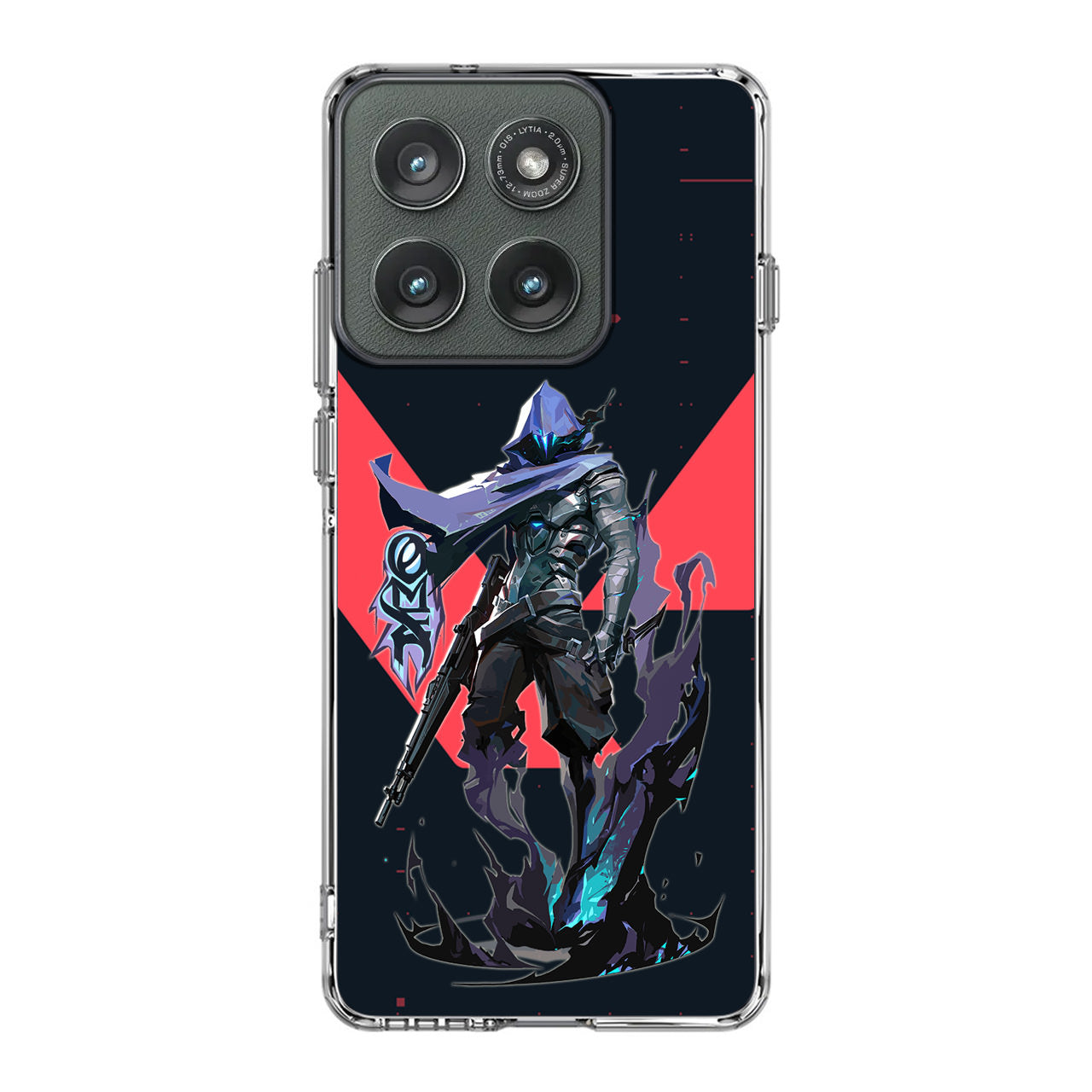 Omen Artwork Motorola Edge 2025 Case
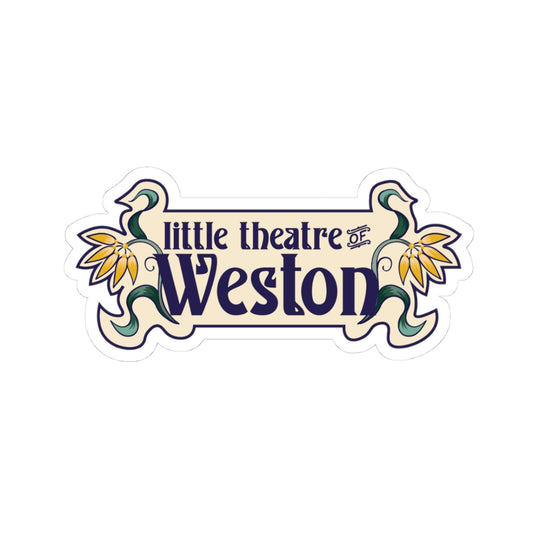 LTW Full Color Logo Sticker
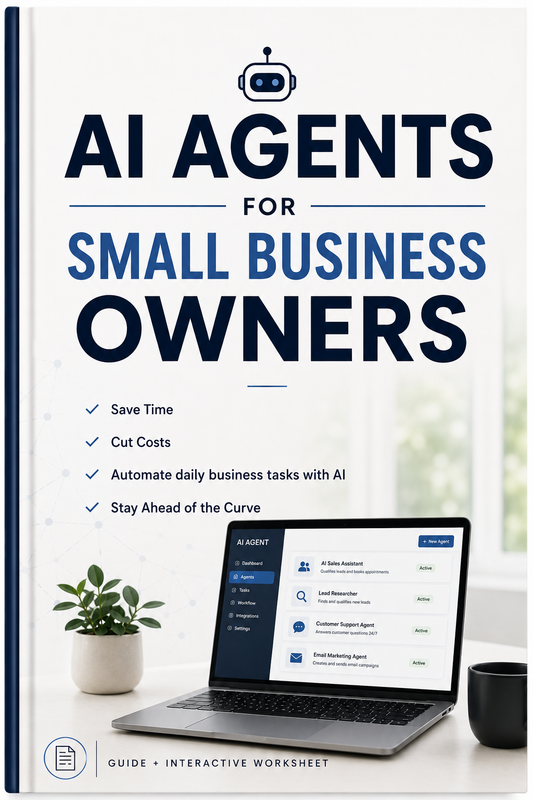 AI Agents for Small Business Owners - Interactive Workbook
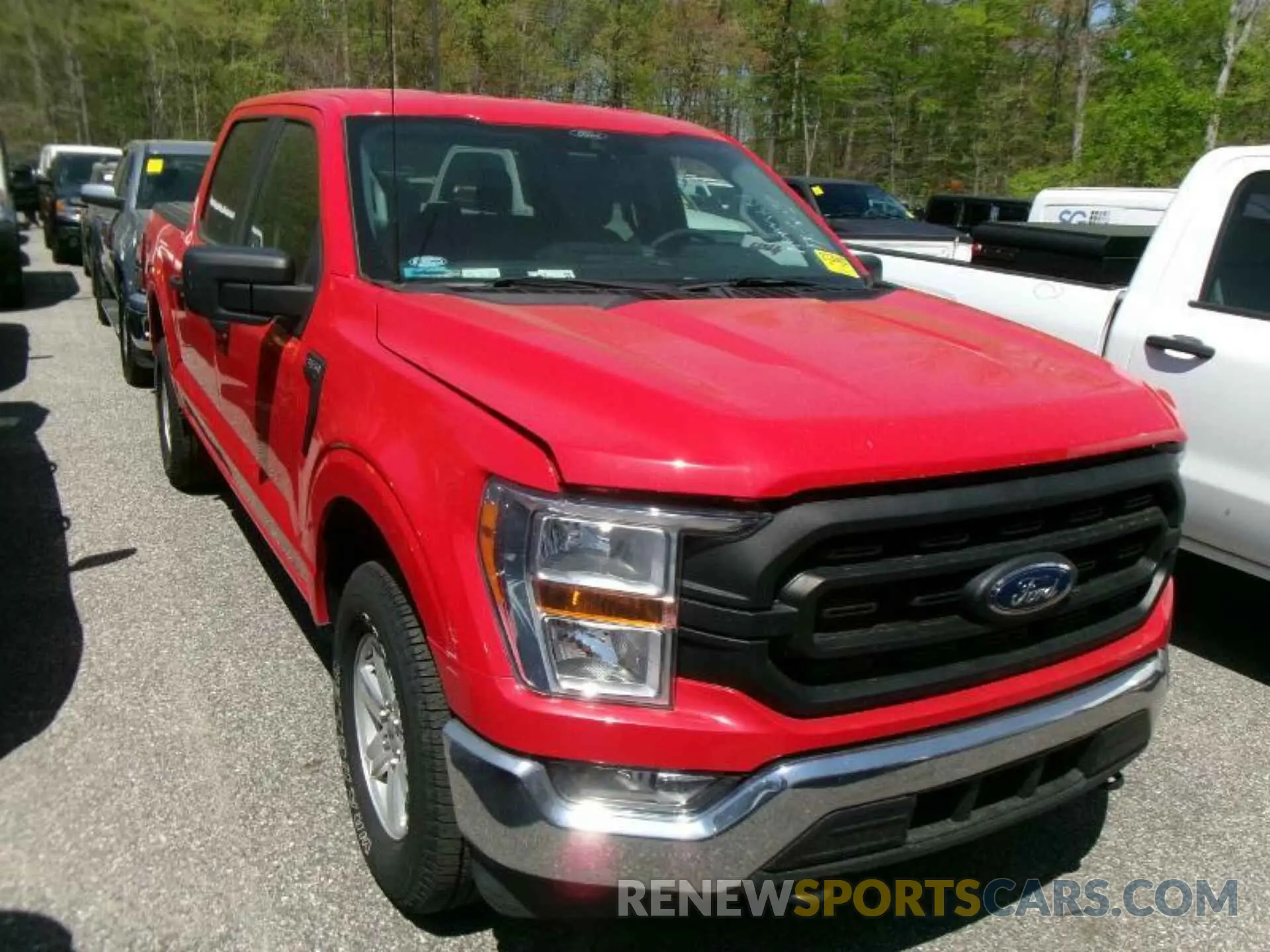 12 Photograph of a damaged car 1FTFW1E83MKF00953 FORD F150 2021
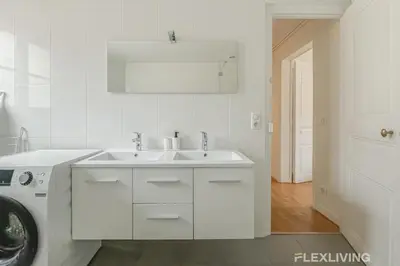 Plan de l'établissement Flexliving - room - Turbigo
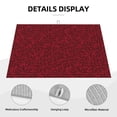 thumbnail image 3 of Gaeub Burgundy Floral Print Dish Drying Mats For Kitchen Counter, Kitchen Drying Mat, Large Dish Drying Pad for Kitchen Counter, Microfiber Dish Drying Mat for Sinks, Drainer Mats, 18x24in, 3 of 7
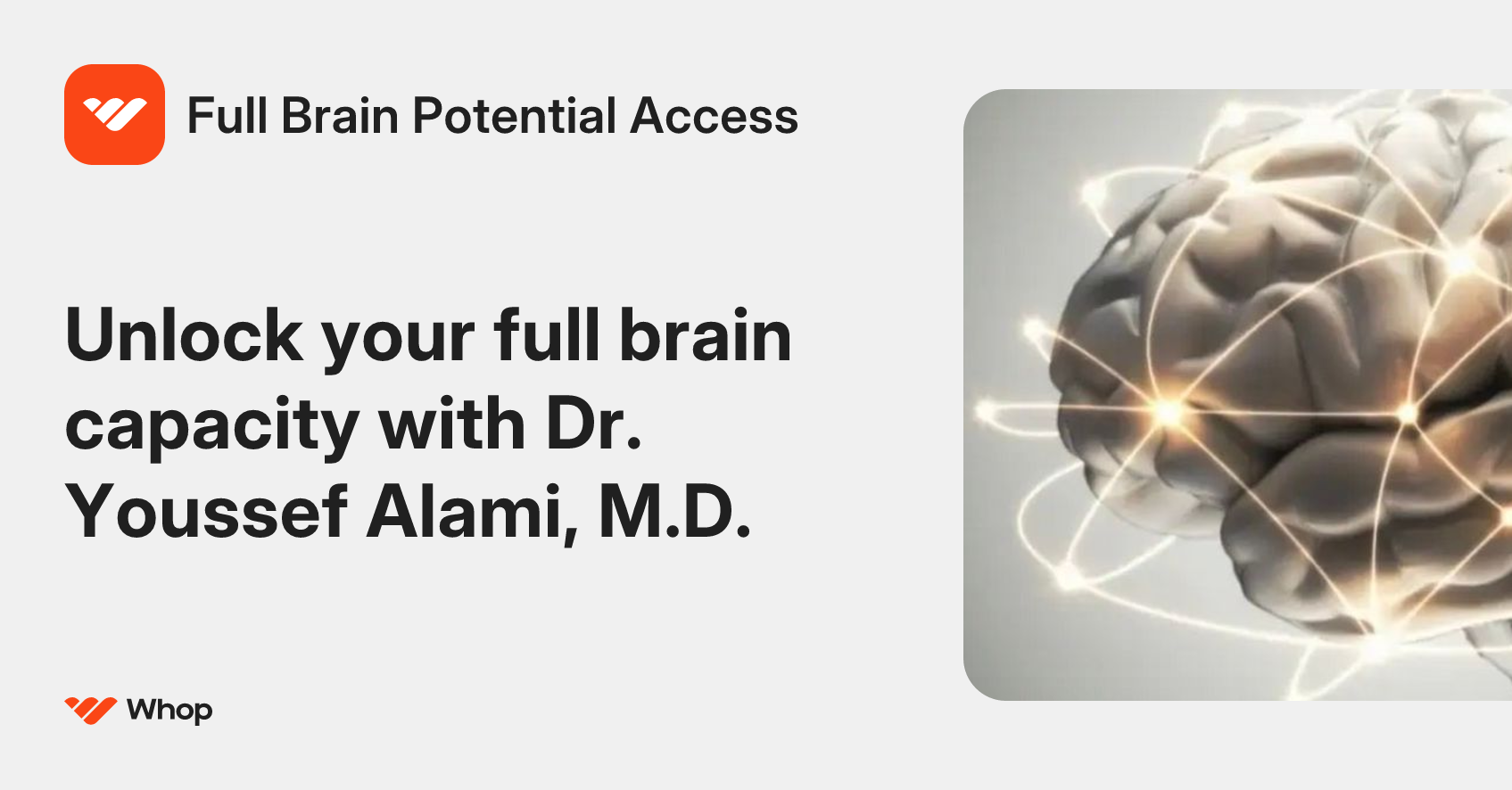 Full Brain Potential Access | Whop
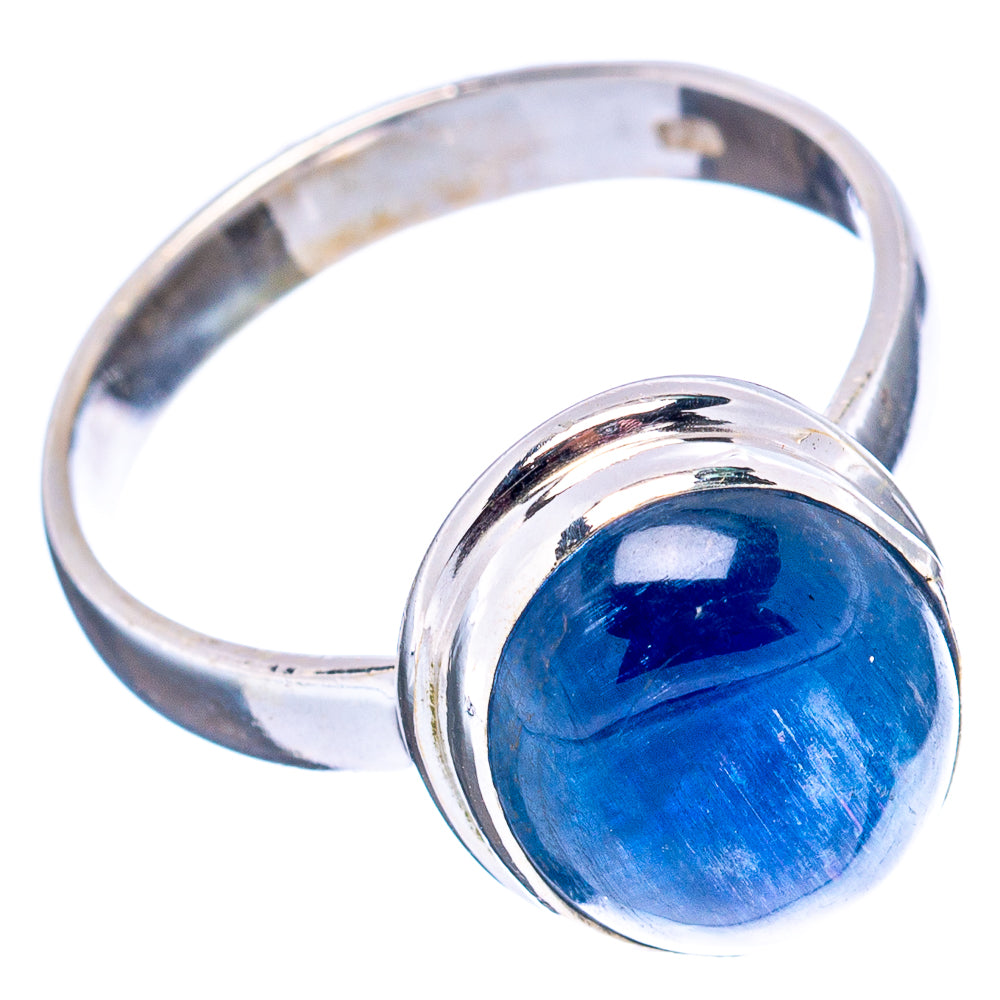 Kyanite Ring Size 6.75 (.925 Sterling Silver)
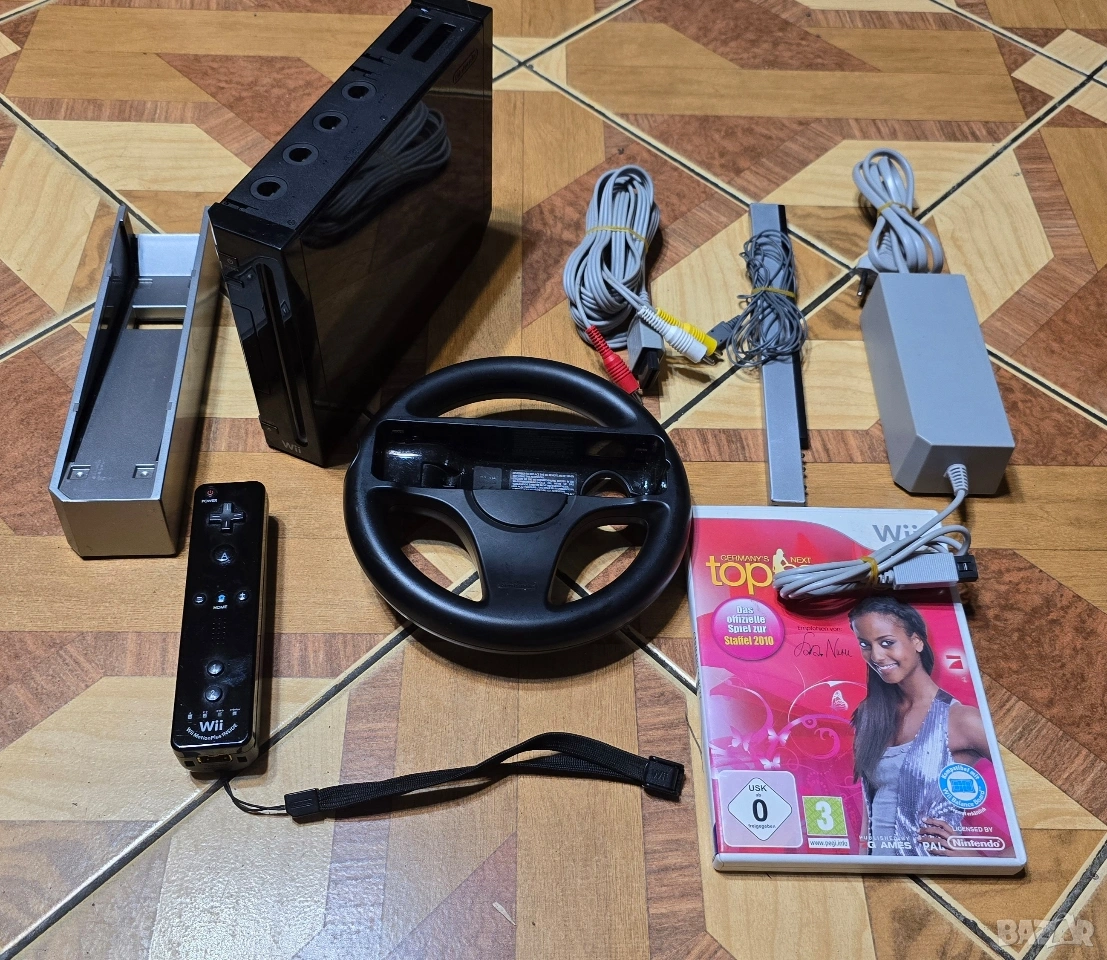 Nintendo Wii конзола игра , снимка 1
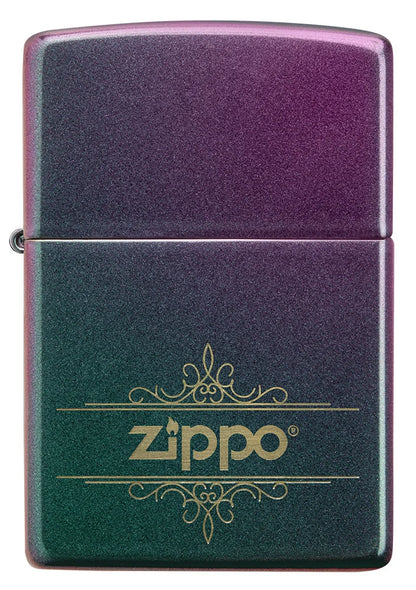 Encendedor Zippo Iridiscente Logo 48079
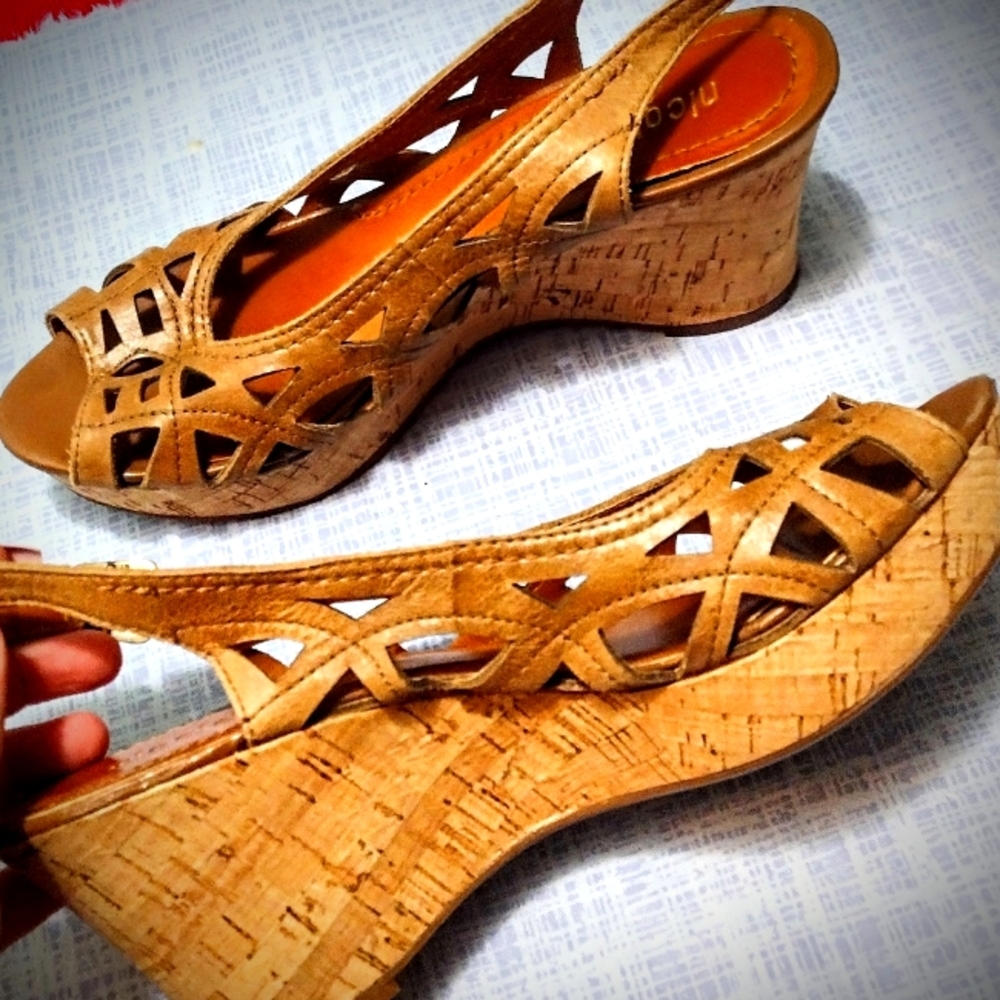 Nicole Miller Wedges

----------

**What you will do:**
Only the lines from the one holding "Encendedor Zippo Iridiscente Logo 48079" through the last line of the records should be output, please, exactly and without any pictures.

**Problem solution:**
 Encendedor Zippo Iridiscente Logo 48079
 Nicole Miller Wedges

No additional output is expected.